Data Transfers¶

Background¶

Each Balsam Job may require data to be staged in prior to execution or staged out after execution. A core feature of Balsam is to interface with services such as Globus Transfer and automatically submit and monitor batched transfer tasks between endpoints.

This enables distributed workflows where large numbers of Jobs with relatively small datasets are submitted in real-time: the Site manages the details of efficient batch transfers and marks individual jobs as STAGED_IN as the requisite data arrives.

To use this functionality, the first step is to define the Transfer Slots for a given Balsam App. We can then submit Jobs with transfer items that fill the required transfer slots.

Be sure to read these two sections in the user guide for more information. The only other requirement is to configure the transfer plugin at the Balsam Site and authenticate with Globus, which we explain below.

Configuring Transfers¶

When using the Globus transfer interface, Balsam needs an access token to communicate with the Globus Transfer API. You may already have an access token stored from a Globus CLI installation on your machine: check globus whoami to see if this is the case. Otherwise, Balsam ships with the necessary tooling and you can follow the same Globus authentication flow by running:

$ balsam site globus-login

Next, we configure the transfers section of settings.yml:

transfer_locations should be set to a dictionary of trusted location aliases. If you need to add Globus endpoints, they can be inserted here.
globus_endpoint_id should refer to the endpoint ID of the local Site.
globus_endpoint_site_path specifies the path on the Globus endpoint, which might be different from the path used on login/compute nodes (e.g. for ALCF home filesystem, paths begin with /home/${USER}, but on the dtn_home endpoint, paths begin with /${USER}.)
max_concurrent_transfers determines the maximum number of in-flight transfer tasks, where each task manages a batch of files for many Jobs.
transfer_batch_size determines the maximum number of transfer items per transfer task. This should be tuned depending on your workload (a higher number makes sense to utilize available bandwidth for smaller files).
num_items_query_limit determines the maximum number of transfer items considered in any single transfer task submission.
service_period determines the interval (in seconds) between transfer task submissions.

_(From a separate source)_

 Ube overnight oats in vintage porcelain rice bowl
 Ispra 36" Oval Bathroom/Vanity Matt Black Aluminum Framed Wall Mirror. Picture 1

Globus requires that you give Balsam consent to make transfers on your behalf; consent is granted for each endpoint that you intend to use. You can review your Globus consents here. For any endpoints that you have configured above (including the globus_endpoint_id), determine the Globus endpoint id, and execute the following command:

balsam site globus-login -e ENDPOINT_ID1 -e ENDPOINT_ID2

Note that globus_endpoint_id in settings.yaml will be used to stage input data in, and to stage output data out. This endpoint id will depend on the filesystem where your site is located (e.g. at ALCF, if it's in your home directory, use alcf#dtn_home; if it's on the Eagle filesystem, use alcf#eagle_dtn). Also make sure that the path to your site is set to correspond to how it is mapped on your Globus endpoint, using the globus_endpoint_site_path setting above.

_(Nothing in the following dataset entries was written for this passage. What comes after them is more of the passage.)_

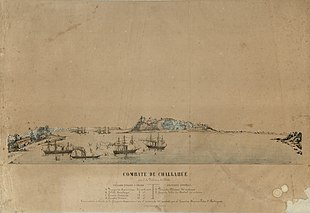 litografia que representa el combate de Challahué, con barcos en la bahia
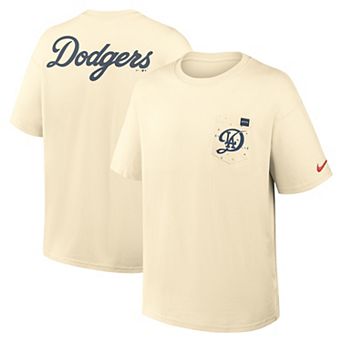 Men's Nike Cream Los Angeles Dodgers City Connect 2-Hit Max90 Pocket T-Shirt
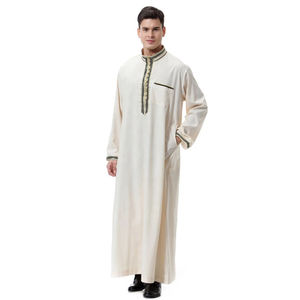 Ropa árabe Jubba con capucha para hombres con mangas largas Ropa de nueva llegada Thobe Hombres musulmanes Diseño en forma de V Thobe / Thawb - Product Image 5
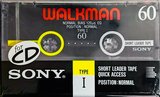 Compact Cassette Sony Walkman 60 "C-60WM1" Type II Chrome 1988 Japan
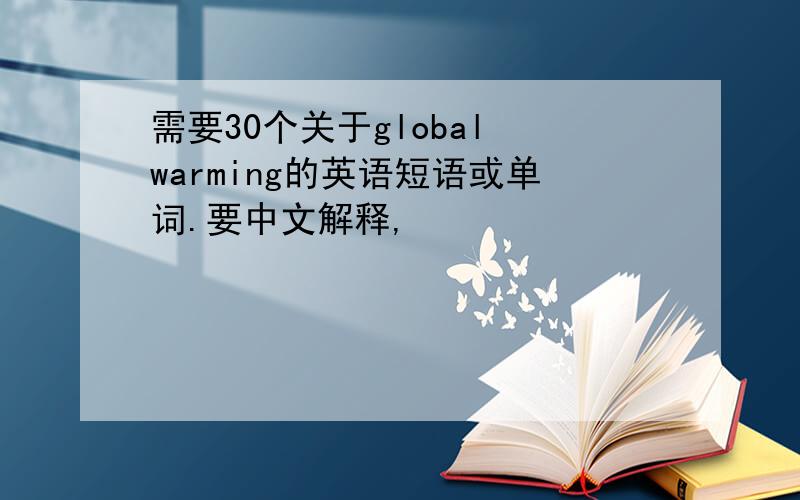 需要30个关于global warming的英语短语或单词.要中文解释,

Once settings.yml has been configured appropriately, be sure to restart the Balsam Site:

$ balsam site sync

The Site will start issuing stage in and stage out tasks immediately and advancing Jobs as needed. The state of transfers can be tracked using the Python API:

from balsam.api import TransferItem

for item in TransferItem.objects.filter(direction="in",  state="active"):
    print(f"File {item.remote_path} is currently staging in via task ID: {item.task_id}")